Part 2:  Diagonals of a Parallelogram

§         Use the Line Segment tool and construct the two diagonals (Line AC and line BD).

§         Now, construct the midpoint of these two diagonals.  If you only saw one point appear that is good.  The midpoint of both diagonals should be the exact same point.  This is a property of parallelograms.

§         Now click and drag vertices A, B, and C and notice that this property always holds true.

§         To verify this, you can use the Distance or Length tool to measure the lengths of the diagonals, and the midpoints to each vertex.

 

Geometry Fact:  Diagonals of a parallelogram bisect each other.

 

Part 3:  The Midpoints of the Sides of Quadrilaterals

§         Use the refresh button to put the applet back to its original form.

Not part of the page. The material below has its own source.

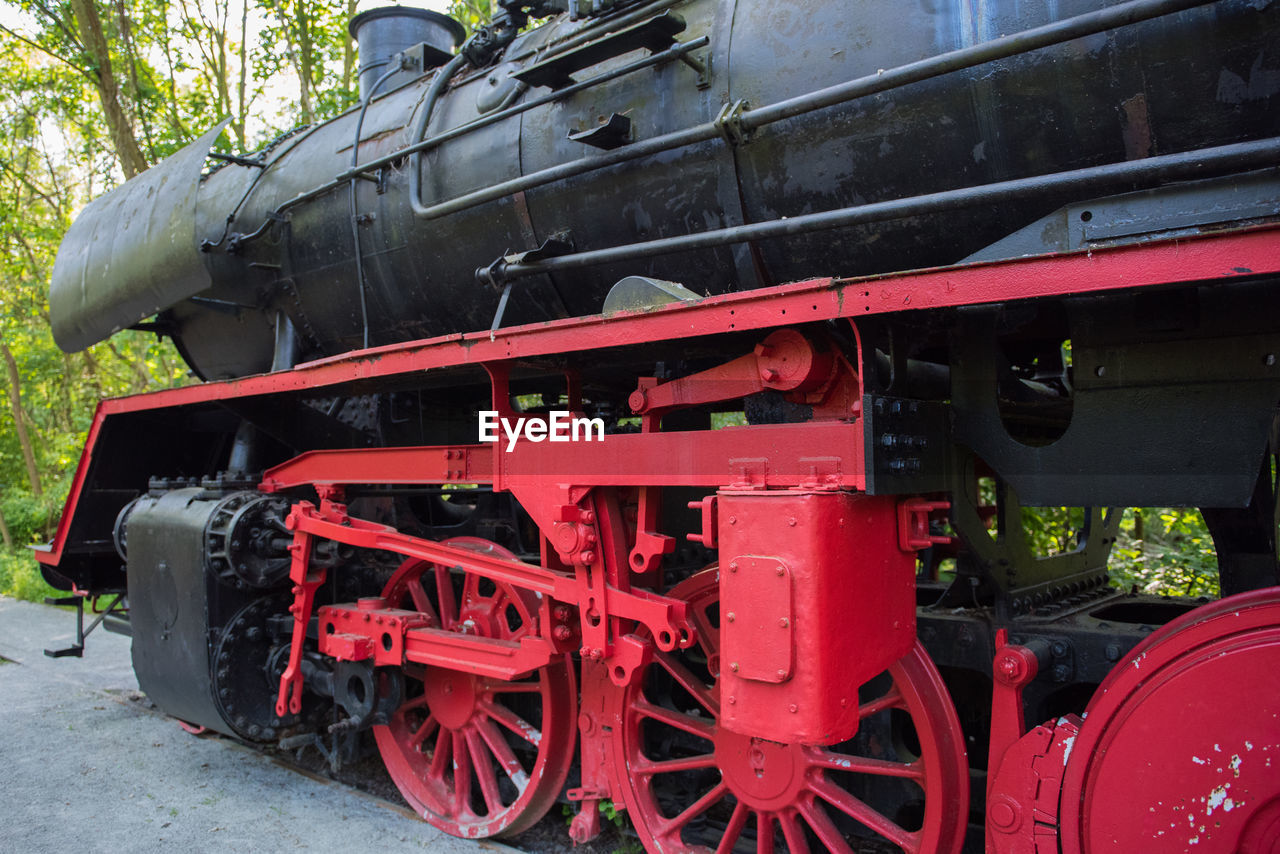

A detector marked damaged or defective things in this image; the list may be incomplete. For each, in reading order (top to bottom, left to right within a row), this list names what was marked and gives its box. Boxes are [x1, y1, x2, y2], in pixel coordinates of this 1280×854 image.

rusty metal surface [47, 119, 230, 352]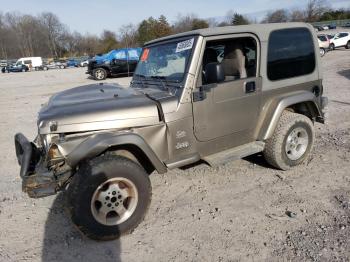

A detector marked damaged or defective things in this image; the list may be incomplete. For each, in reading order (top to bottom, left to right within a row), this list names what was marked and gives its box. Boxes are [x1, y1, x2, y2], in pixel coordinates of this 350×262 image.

§         We are now going to make a quadrilateral.  Select the Polygon tool.  Click on the four points where you want the vertices of your quadrilateral to be.  After the fourth point, click on the first to complete the shape.  You should not see your four sided polygon on the applet.

§         Use the Midpoint tool, and click on each side.

§         Now use the Line Segment tool to join the midpoints of each side to their adjacent side’s midpoint.  This should make a quadrilateral inside the one that you have made.

§         Click on any of the vertices of the original quadrilateral and drag it around.

§         You should notice that no matter what the shape of the exterior quadrilateral you made, the interior quadrilateral will always be a parallelogram.

§         To verify this, select the slope tool and measure the slope of each side of the interior quadrilateral.  You will find that no matter where you drag the vertices of the outside quadrilateral, the slopes of the opposite sides will always be equal.

 

Geometry Fact:  Joining the midpoints of adjacent sides of any quadrilateral forms a parallelogram.

 

 

Part 3:  The Midpoints of a Trapezoid

§         To make a trapezoid, start with three points as with a parallelogram; A, B, and C.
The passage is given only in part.